Dataset excerpts
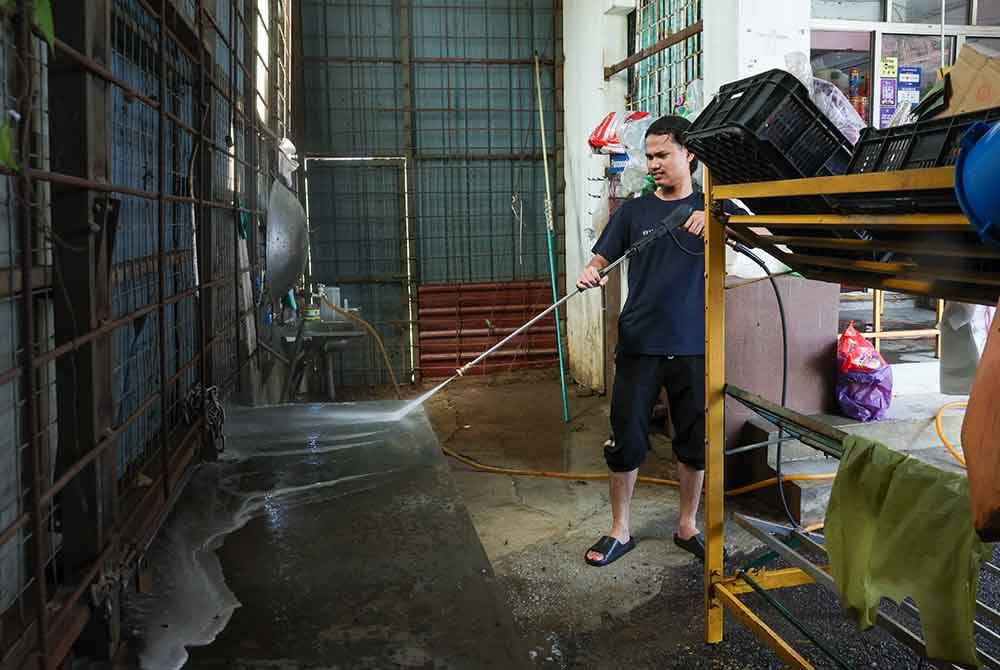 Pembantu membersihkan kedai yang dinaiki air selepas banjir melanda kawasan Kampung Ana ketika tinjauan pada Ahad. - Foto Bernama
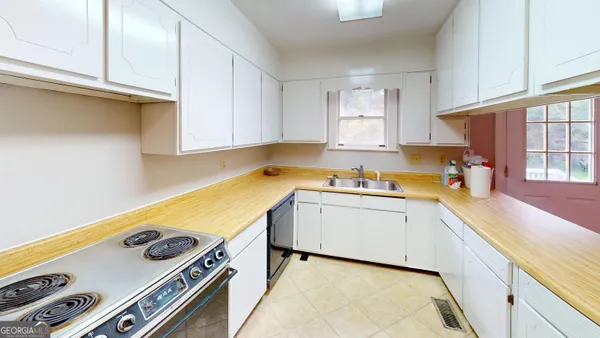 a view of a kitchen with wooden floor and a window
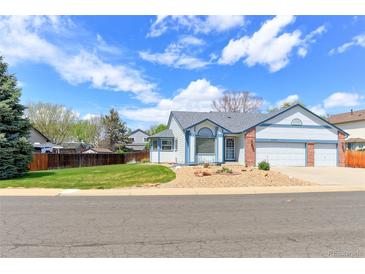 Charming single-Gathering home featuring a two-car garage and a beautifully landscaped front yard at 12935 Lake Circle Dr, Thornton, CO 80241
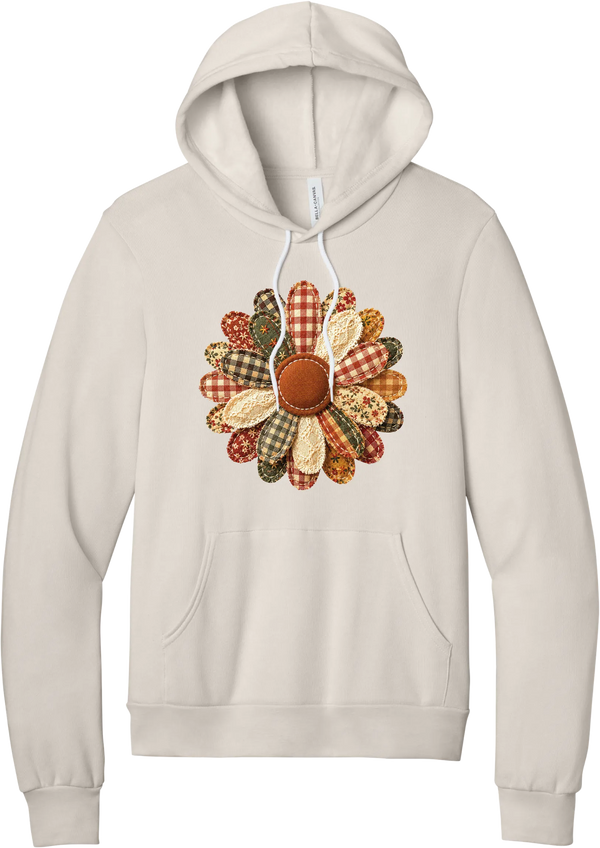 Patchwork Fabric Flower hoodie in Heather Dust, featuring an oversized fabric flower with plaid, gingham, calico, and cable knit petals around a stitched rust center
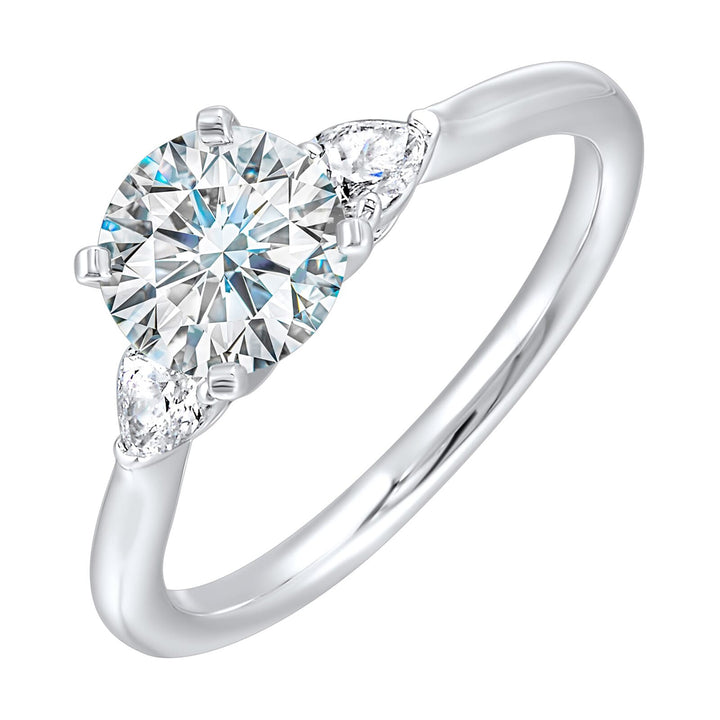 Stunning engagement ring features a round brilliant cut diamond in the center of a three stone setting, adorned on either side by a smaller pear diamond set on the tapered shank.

*WHAT IS NEEDED*. Leave every picture out and write out, word for word, the lines from the one that contains "Patchwork Fabric Flower" through the last line of the records.

*WRITTEN SOLUTION*.
 Patchwork Fabric Flower hoodie in Heather Dust, featuring an oversized fabric flower with plaid, gingham, calico, and cable knit petals around a stitched rust center
 Stunning engagement ring features a round brilliant cut diamond in the center of a three stone setting, adorned on either side by a smaller pear diamond set on the tapered shank.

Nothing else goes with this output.